Zarejestrowany: Mar 2010
Miasto: Częstochowa Ślaskie
Posty: 55 646
Domyślnie @Karol

Karolu jakież to było przedzieranie się przez Reich?
Przecie wojna trwala w najlepsze. Niemcy robili na froncie co mogli, żeby vaterland uchronic przed ruskiem, a tu ponad tysiąckilometrowy spacer urządza sobie z pełnym uzbrojeniem polska brygada? I na dodatek korzysta z zaopatrzenia z niemieckich magazynów? A te potyczki w czasie przemarszu? Tak czasem bywa, ze w uzgodnieniach jest luka i nie wszyscy wiedzą o tym co sąsiad uzgodnił. A wyzwolenie tego obozu? Żochowski pisze, że volkssturm tego "bronił", wiec nie było trudno wyzwolic, tym bardziej, ze USarmy była tuż za miedzą.
A ponadto jaką wartość bojową i ewentualnie dywersyjna dla Niemców i Aliantów przedstawiała brygada? Alianci mieli rząd na uchodźctwie i polska armie, której "filia" była AK. NSZ nie uznawały ani AK, ani Delegatury na Kraj. To sie nie dziw, że brygade traktowano jak ....na to zasłużyła.

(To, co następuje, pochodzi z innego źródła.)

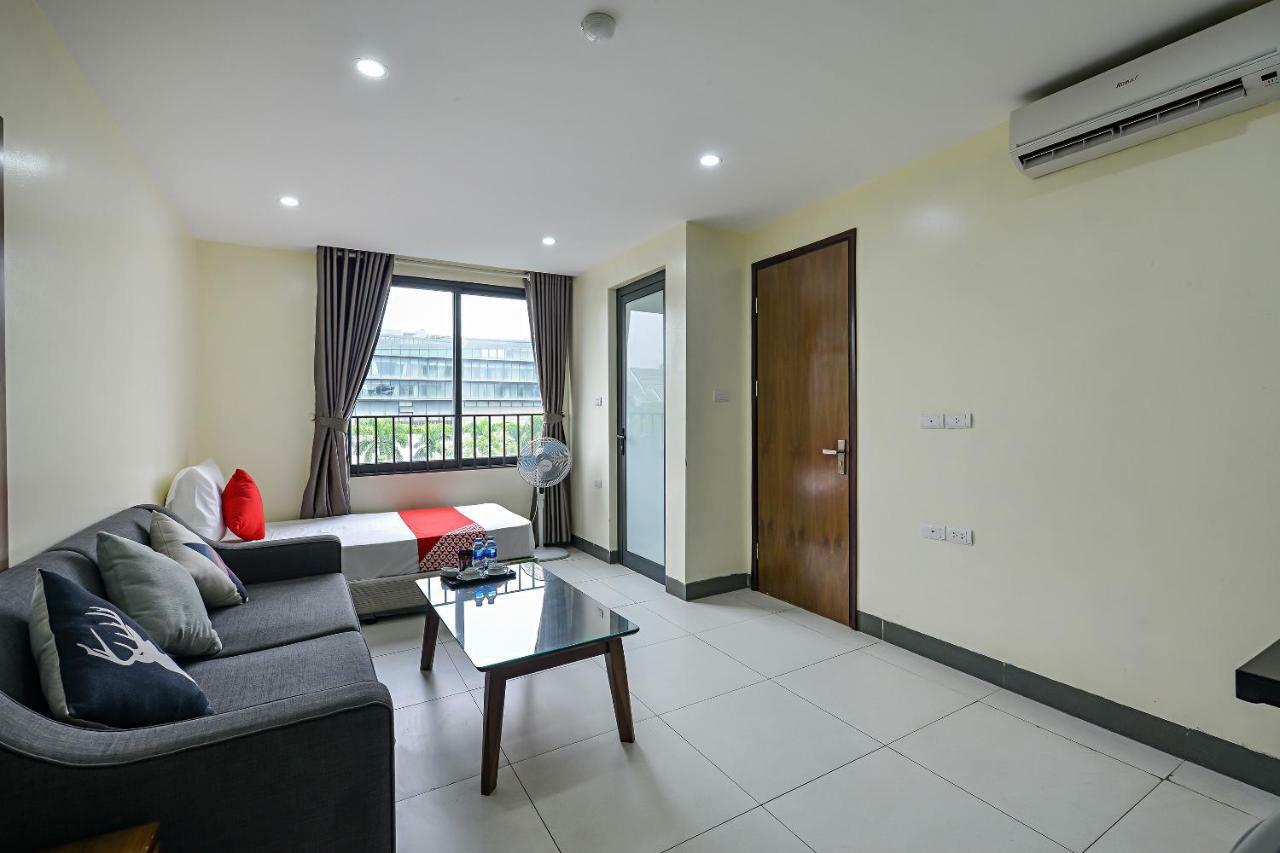 Suji Residence Hanoi Hanói Exterior foto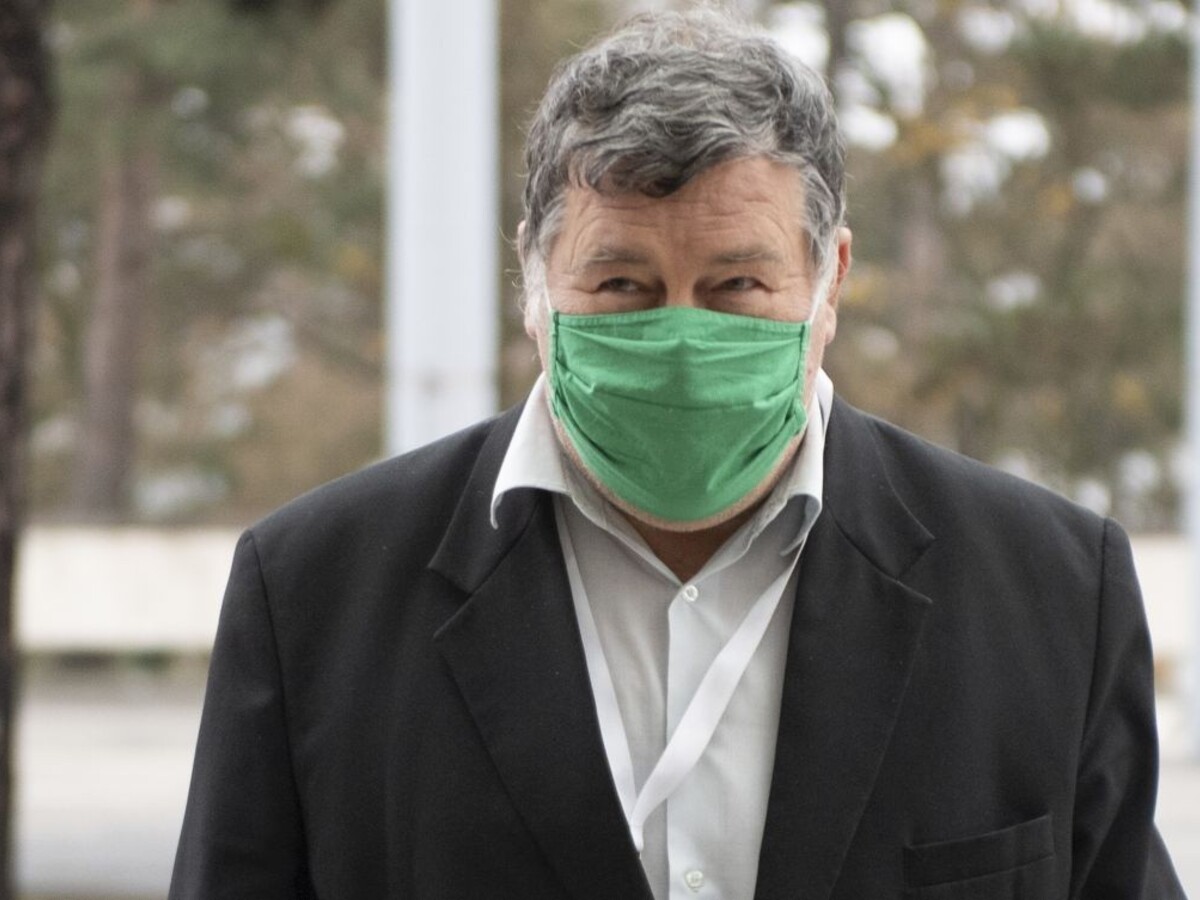 Nebezpečné respirátory? Vo videu zneužili a upravili Krčméryho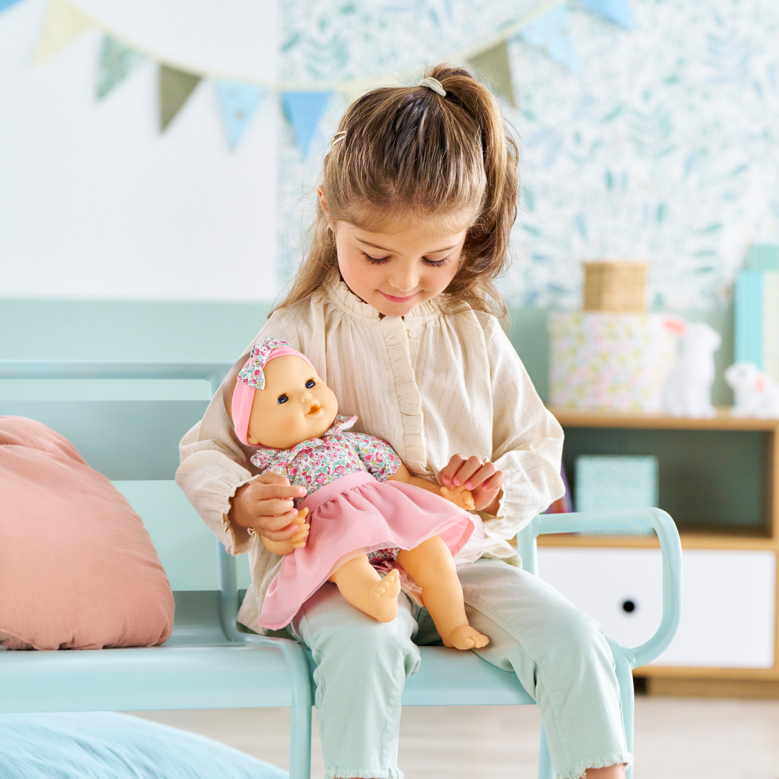 Mon Adorable Grand Poupon - Jardin en Fleurs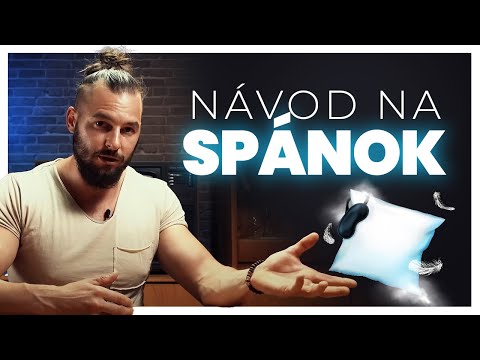 Poraz nespavosť a vyťaž zo spánku maximum | 40 riešení pre Lepší Spánok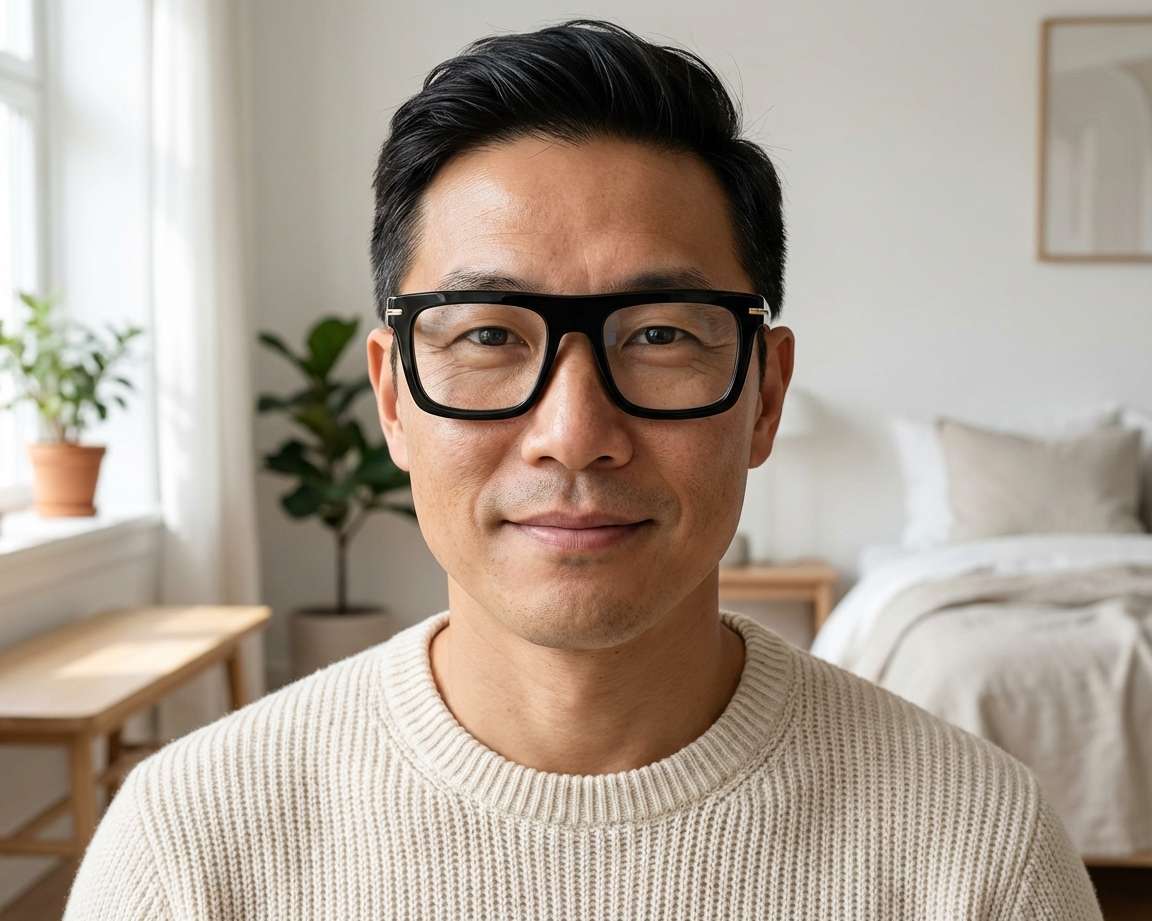 Hugo Boss Glasses BOSS-1597 807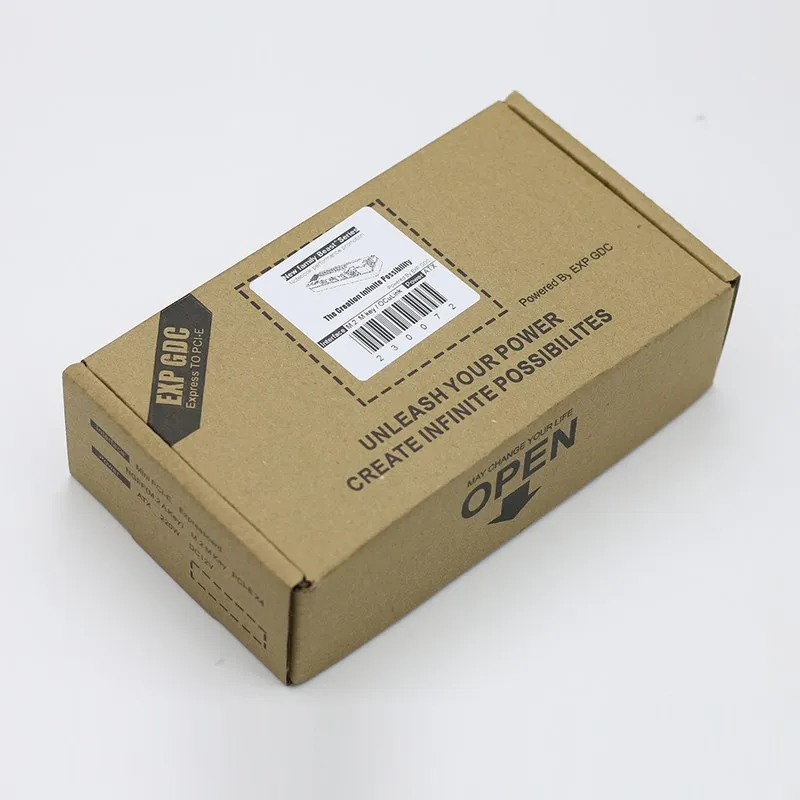 EXP GDC OCuLink-Adaptador de tarjeta gráfica externa M.2 Mkey a OCuLink, base de GPU de alta velocidad, PCIe 4,0x4, Mini PC, portátil - imagen 5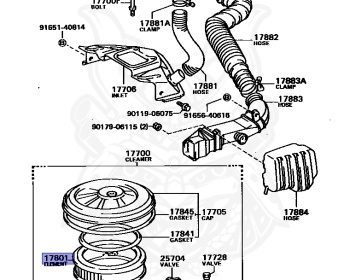 Toyota - Corona - AT150 - 1985 - EXS TYPE - 5-DOOR - Automatic - 3ALU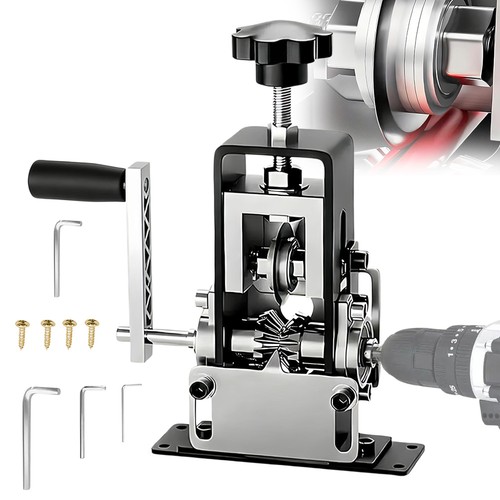 Handkurbel kabelschälmaschine - handkurbel,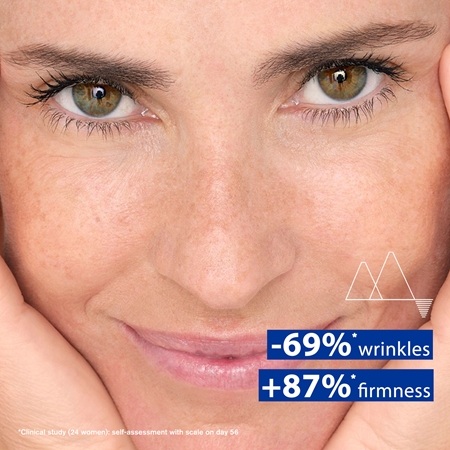 Uriage Age Lift Smoothing Firming Day Cream spevňujúci denný krém proti vráskam s kyselinou hyalurónovou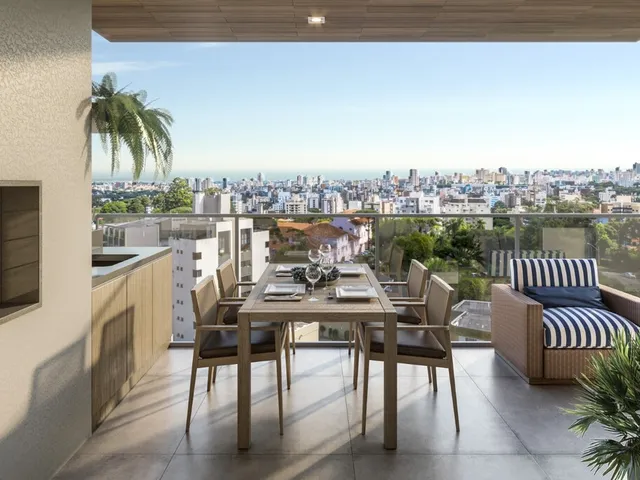 Imagem 6: Apartamento com 3 Quartos, 94,43M², À Venda em Curitiba, Cabral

A że do Cz-wy nie weszła, to zrozumiałe. Wystarczyło, że dowództwo sie zjawiło. Łącznie z głównym.
Wszak Cz-wa była w tym czasie stolica podziemnego państwa.
A czasie IIWŚ tylko dwie organizacje wojskowe zamordowały swoich dowódców. Jedna to była GL, a druga....NSZ...co ma jakis związek z tytułem.